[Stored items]
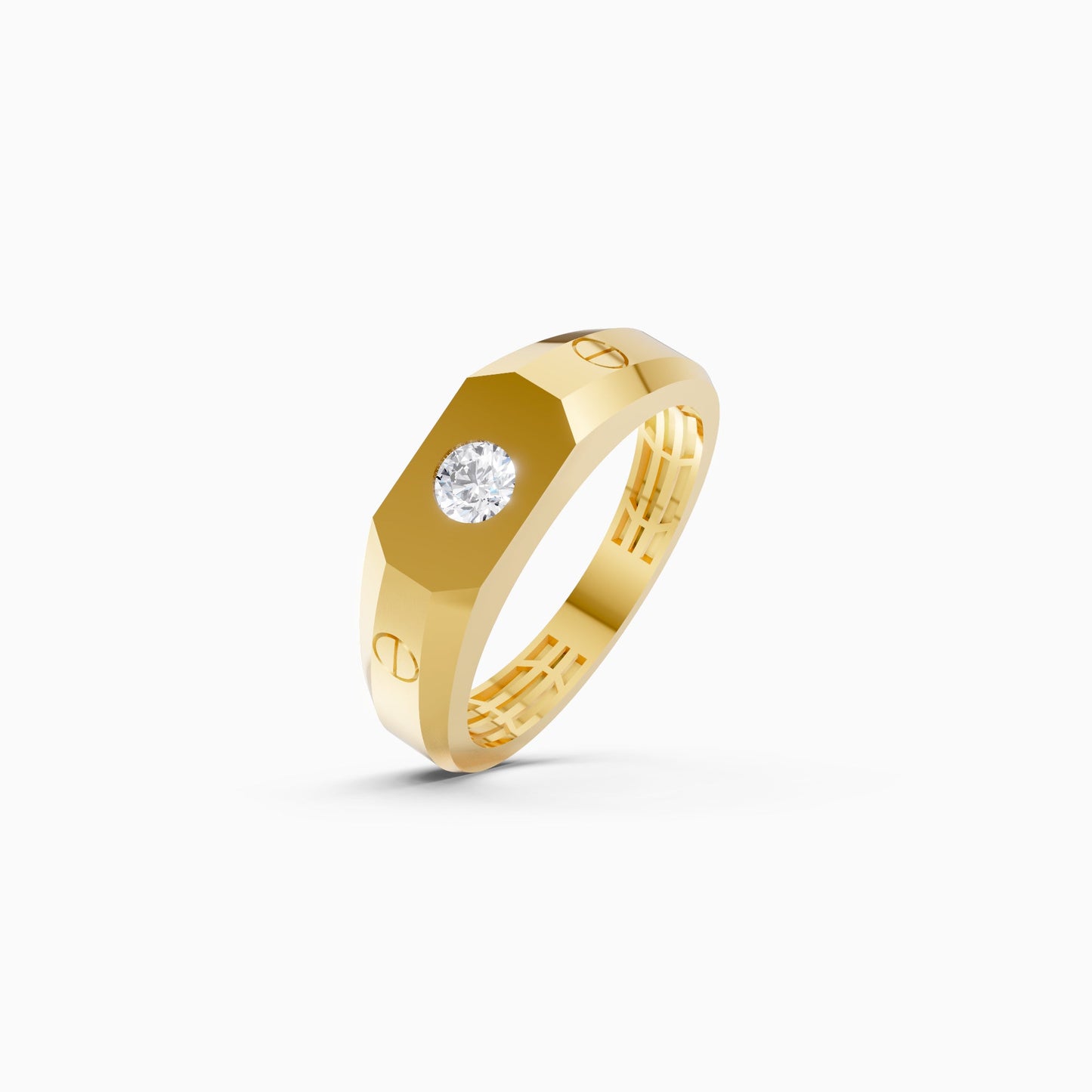 color:yellow | type:slider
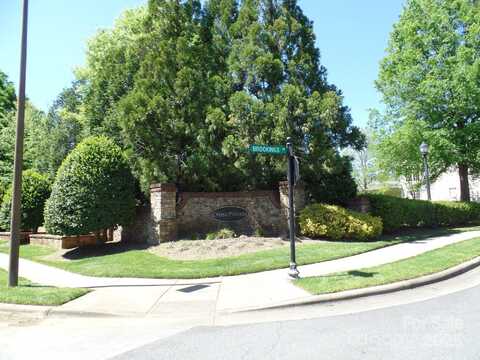 5963 Pale Moss Lane, Charlotte, NC 28269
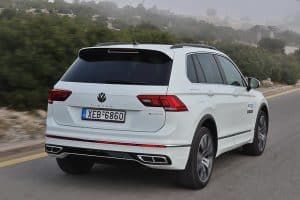 VW-Tiguan-eHybrid-(2)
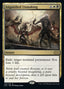 Anguished Unmaking [Double Masters 2022]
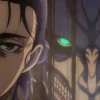 Titan Đại Hình là ai? Khám phá sức mạnh và nguồn gốc trong Attack on Titan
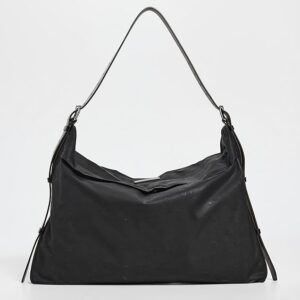 Trench Pocket Medium Bag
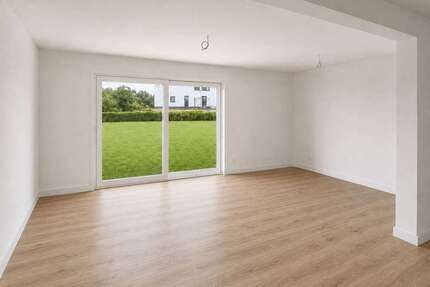 Haus zum Kaufen in Dessau-Roßlau 490.000,00 € 131 m²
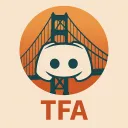 Unofficial TFA Bay Area CMs (2025+)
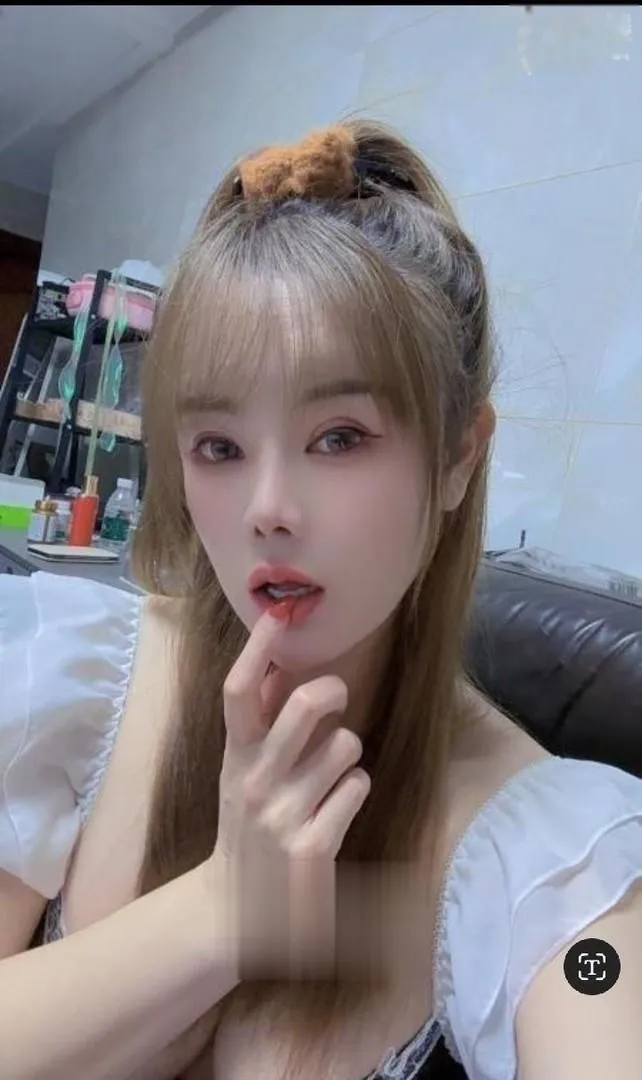 性感骚妇韵味十足
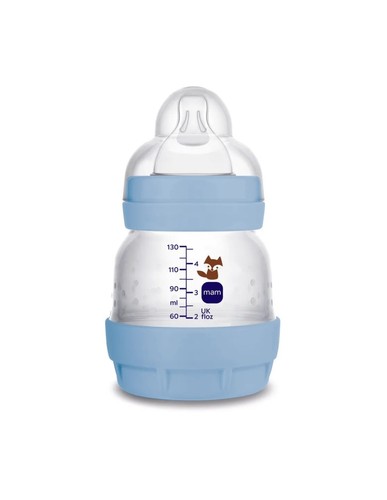 Mam biberon easy start - mam,
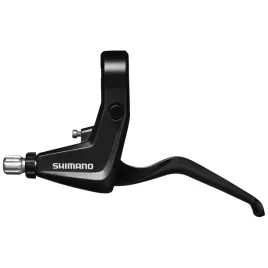 dzwignia-hamulca-shimano-bl-t4010-czarna-lewa
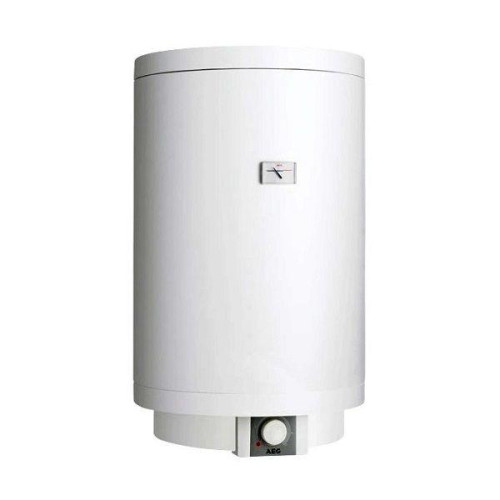 Накопительный водонагреватель AEG EWH 200 Trend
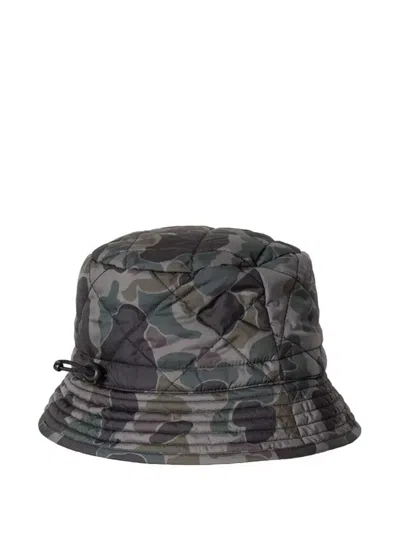 MYTON BUCKET HAT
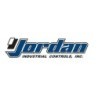 JORDAN CONTROLS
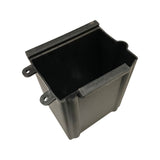 1095079 - Genuine Replacement Battery Cover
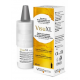 VISUXL 10 ML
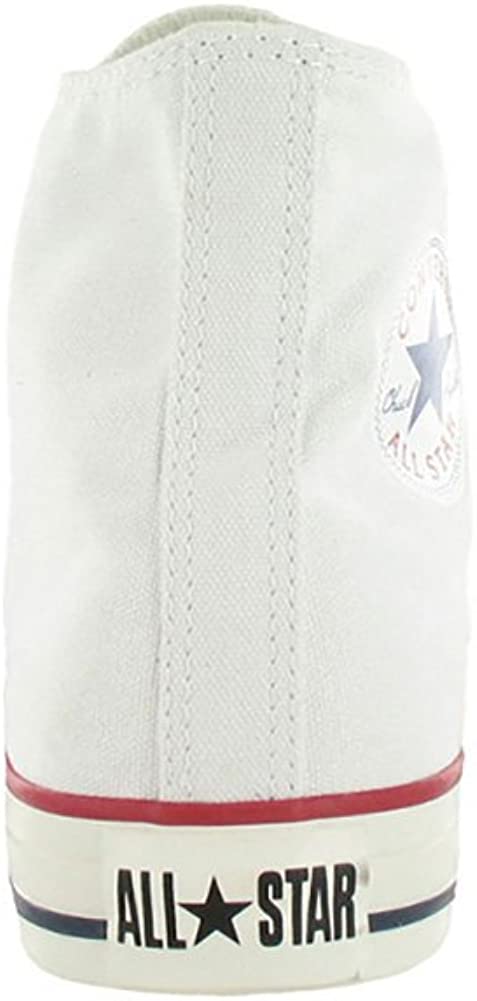 Converse womens Sneaker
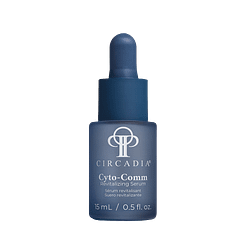 Circadia Cyto-Comm Revitalizing Serum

■ **Work order**
For this exercise, return exactly the lines above from the line with "Titan Đại Hình" through the line with "Mam biberon easy", both included. Do not copy the pictures.

■ **Written response**
 Titan Đại Hình là ai? Khám phá sức mạnh và nguồn gốc trong Attack on Titan
 Trench Pocket Medium Bag
 Haus zum Kaufen in Dessau-Roßlau 490.000,00 € 131 m²
 Unofficial TFA Bay Area CMs (2025+)
 性感骚妇韵味十足
 Mam biberon easy start - mam,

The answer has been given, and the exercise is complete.